Angioplasty with or without vascular stenting is a minimally invasive procedure performed to improve blood flow in the body’s arteries and veins.
In an angioplasty procedure, imaging techniques are used to guide a balloon-tipped catheter, a long, thin plastic tube, into an artery or vein and advance it to the narrow or blocked part of a patient’s vascular system. The balloon is then inflated to open the vessel, after which it is deflated and removed.
During angioplasty, a small wire mesh tube called a stent may be permanently placed in the newly opened artery or vein to help it remain open. There are two types of stents: bare stents (wire mesh) and covered stents (also commonly called stent grafts), which may contain drugs to reduce the incidence of restenosis.
Using image guidance, an inflatable balloon mounted at the tip of a catheter is inserted through the skin into an artery and advanced to the site of an arterial blockage, where the balloon is inflated and deflated. In this process, the balloon expands the artery wall, increasing blood flow through the artery.
Many angioplasty procedures also include the placement of a stent, a small, flexible tube made of plastic or wire mesh to support the damaged artery walls. Stents can be self-expandable or balloon expandable. Balloon expandable stents are typically placed over a balloon-tipped catheter so that when the balloon is expanded, it pushes the stent in place against the artery wall. When the balloon is deflated and removed, the stent remains permanently in place, acting like a scaffold for the artery. Self-expandable stents are easy to deploy, but may require additional angioplasty with balloon to obtain satisfactory dilation (opening) of the diseased vessel. Covered stents or stent-grafts have additional advantages over bare stents and are becoming more commonly used.

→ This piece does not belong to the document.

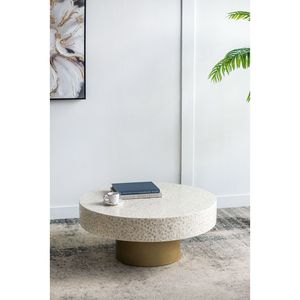 Tavolino da Caffè Cream Capiz '35x35x16' con Base a Piedistallo Dorato Design Unico - Product Image 3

Drug-coated (also called drug-eluting) stents have recently been approved for clinical use in the coronary (heart) arteries by the U.S. Food and Drug Administration (FDA). These stents are coated with a medication that is slowly released to help keep the blood vessel from re-narrowing, a condition called restenosis.
At the end of the procedure, the catheter will be removed and pressure will be applied to stop any bleeding. The opening in the skin is then covered with a dressing. No sutures are needed. Angioplasty patients must lie in bed with legs straight for several hours after the procedure. In some cases, the physician may use a device that seals the small hole in the artery, called a closure device, which allows the patient to move around more quickly.
The length of the procedure may vary depending on the time spent evaluating the vascular system prior to any therapy, as well as the complexity of the treatment.